La política práctica, la aritmética electoral y parlamentaria ponen en evidencia la división de opiniones de la sociedad catalana. La candidatura más votada no lo fue lo suficiente para gobernar y se ve obligada a negociar un acuerdo en el Parlamento catalán que es ideológicamente inconexo y propio de un concurso para ver quién se tragará más sapos. Mientras, instituciones bloqueadas, administración a fuego lento y la política tradicional desaparece, se desvanece. El espectáculo mediático triunfa por encima de la razón.

Sí, se han roto cosas. Por fortuna, ninguna que afecte a la convivencia pacífica y civilizada, pero importantes en la estrategia colectiva de un país. Hay complicidades que han saltado por los aires y existen afectos próximos a quebrarse La política reciente se ha llevado por delante demasiado. Quienes han luchado por ilusionar a una parte de la población parecen desconocer que desilusionaban justo a la otra mitad. Quienes han optado por desoír a una de las dos mitades han alentado su enojo y radicalización. Y, claro, todas esas acciones en uno y otro sentido tendrán efectos no siempre bien calibrados.

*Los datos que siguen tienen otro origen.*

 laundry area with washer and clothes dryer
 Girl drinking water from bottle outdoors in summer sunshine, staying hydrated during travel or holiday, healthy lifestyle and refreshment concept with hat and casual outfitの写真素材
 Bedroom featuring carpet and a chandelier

Las incógnitas que nos sobrevuelan hacen aún más difícil albergar esperanza sobre el hallazgo de salidas positivas en el corto plazo. Podemos envolvernos peligrosamente en un país de cuotas, distancias, facciones, pero los riesgos que comportan supondrán moratones en todas y cada una de las formas de pensar.

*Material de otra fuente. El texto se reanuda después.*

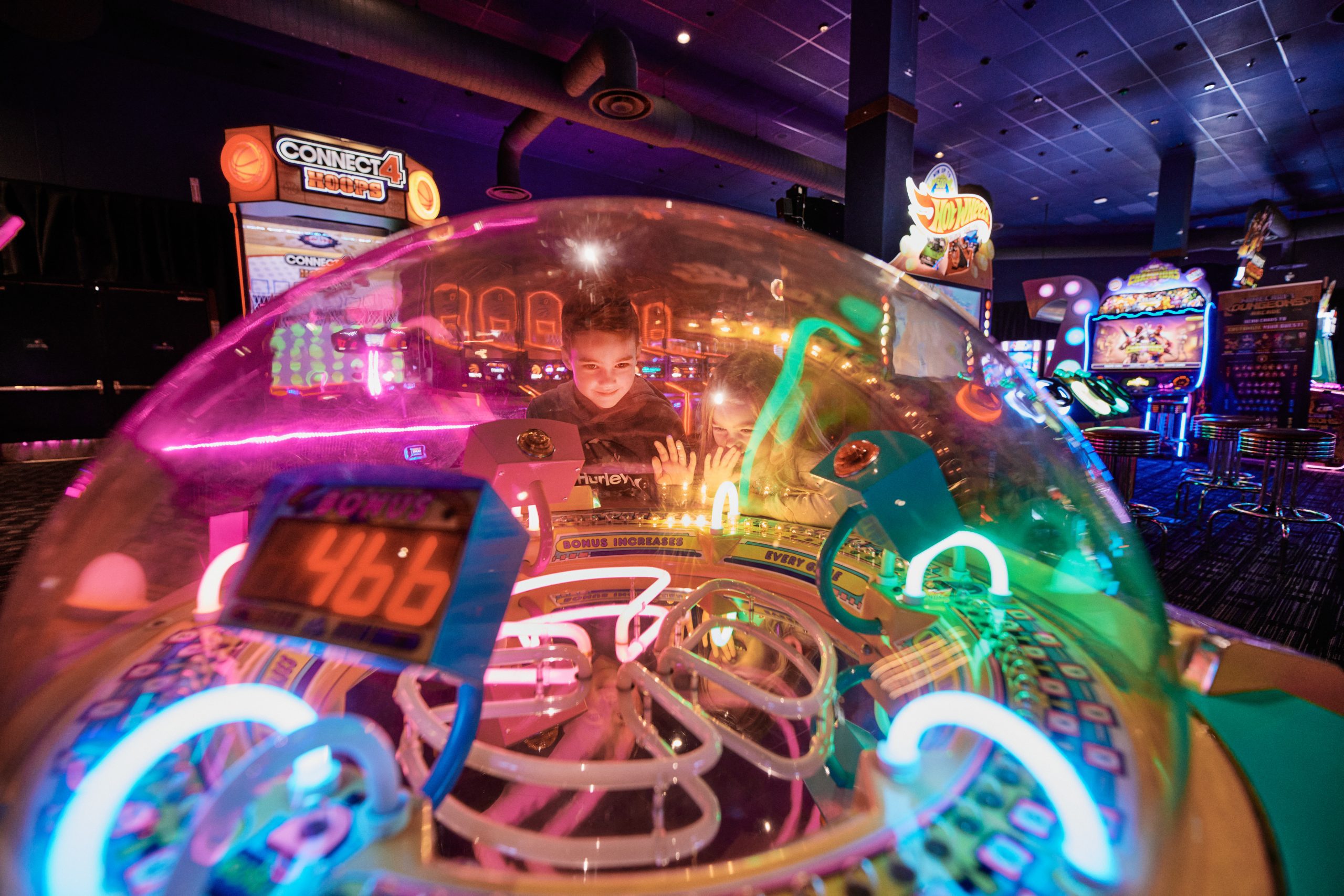 A young boy starting into a cylindrical arcade game with fluorescent lights.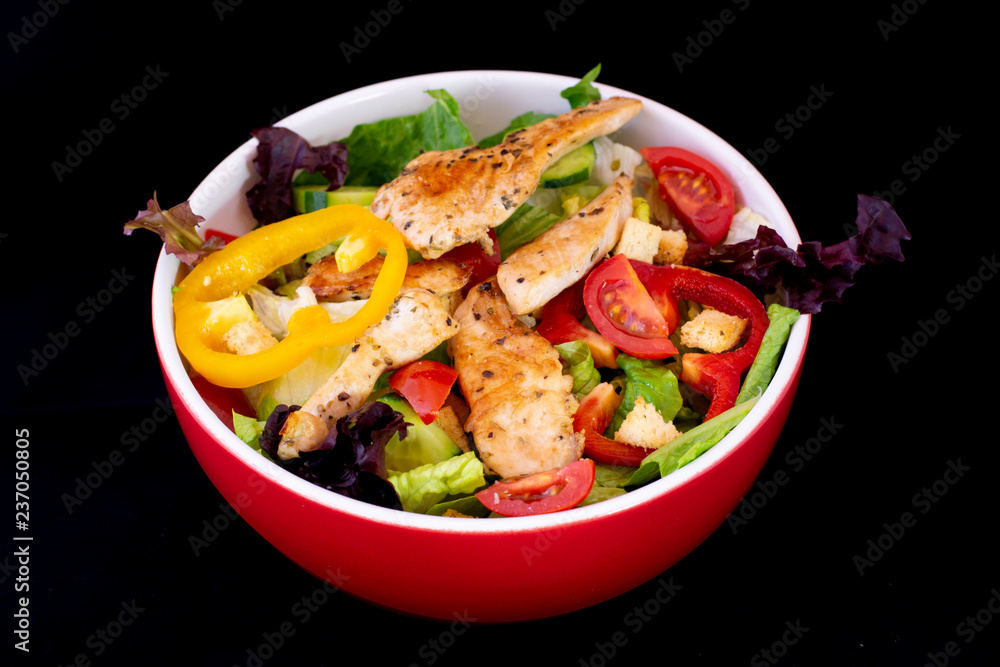Grilled Chicken Salad with fresh vegetables with isolated black background Grilled Chicken Salad with fresh vegetables with isolated black background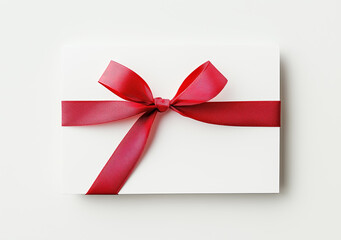 White card with red ribbon on isolated background, close up view, Blank Greeting and note for celebration or business gift decoration with copy space. 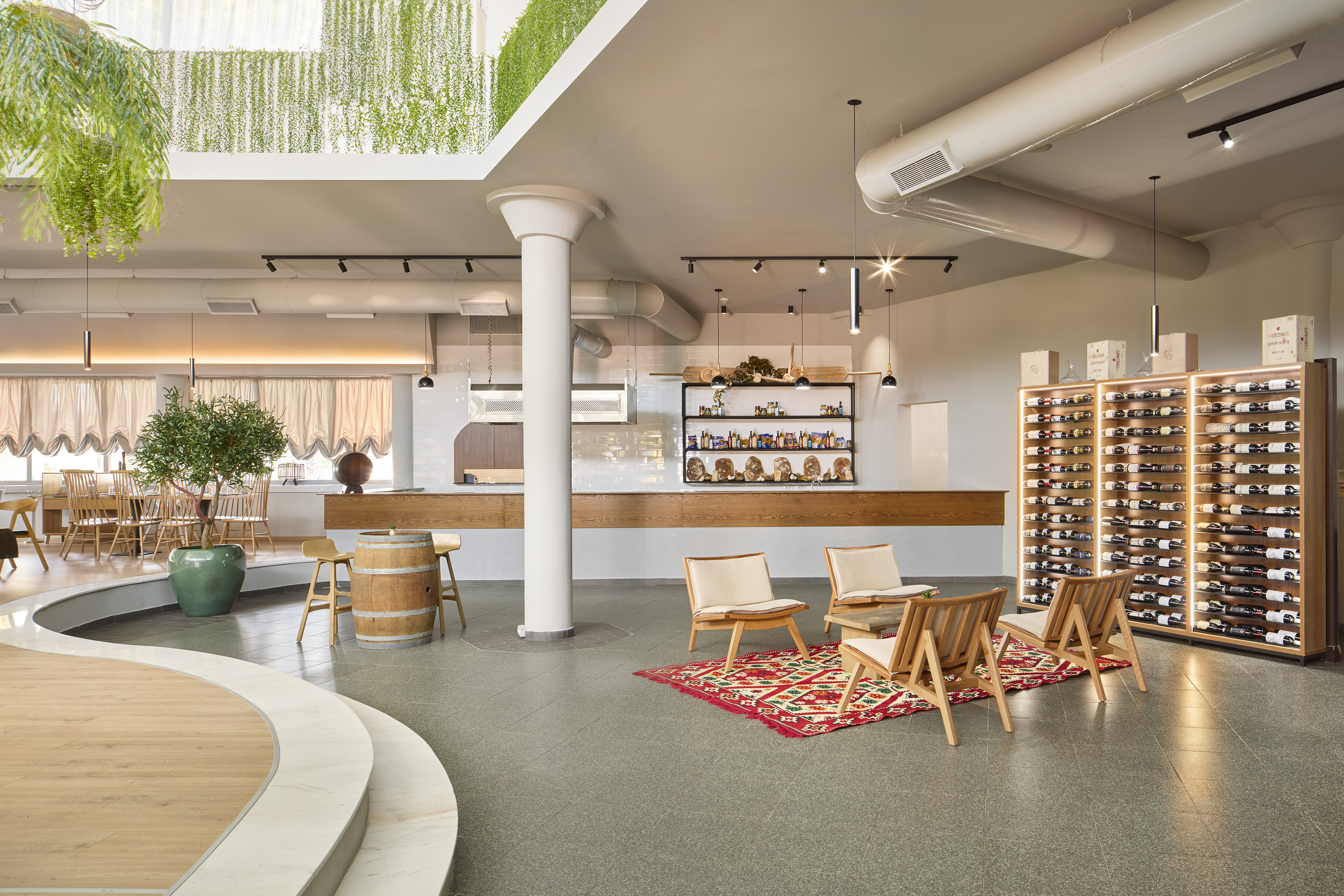 Modern wine bar with green plants, lounge seating, and illuminated wine display.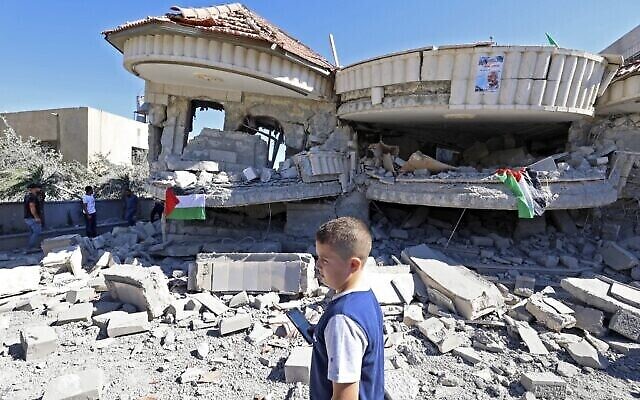 طفل فلسطيني يمر أمام مبنى يعود لمنتصر شلبي، المتهم بقتل طالب إسرائيلي في هجوم في مايو، بعد أن دمرته القوات الإسرائيلية في قرية ترمسعيا بالقرب من رام الله في الضفة الغربية، 8 يوليو، 2021.  (JAAFAR ASHTIYEH / AFP)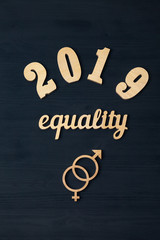 EQUALITY word carved out of plywood. Symbol of gender equality. Black wooden background.2019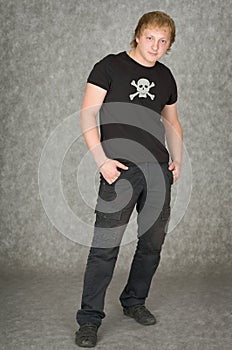 Man in a T-shirt with pirate symbolics photo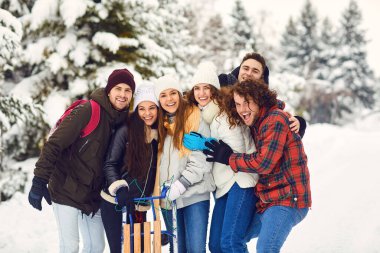 Arkadaşlar kameraya gülümsüyor ellerinde kızaklarla kışın karların üzerinde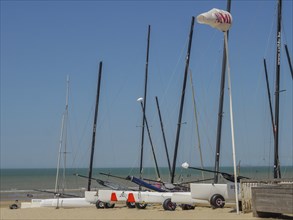 Several sailing boats on the beach, the sea and a clear blue sky in the background, de haan,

Llamar la atención sobre eso puede parecer apocalíptico o ser tachado de tercerista. No es esa la intención. Vale la pena, no obstante, iniciar reflexiones en esa línea y con toda la seriedad que merece el futuro. Sólo la sociedad civil, el sentido común y la concordia sostenida en el tiempo podrán soldar lo que la política ha hecho añicos como una pieza de porcelana cara. Que por prudencia política se esconda o se ignore ese estado de cosas es más peligroso que provechoso.

Se sea partidario de un estado español fuerte o de un estado catalán independiente, merece ser recordado el aforismo atribuido al historiador latino con que el comenzaba este artículo: “Por la armonía los estados pequeños se hacen grandes, mientras que la discordia destruye los más poderosos imperios”. Avisados estamos.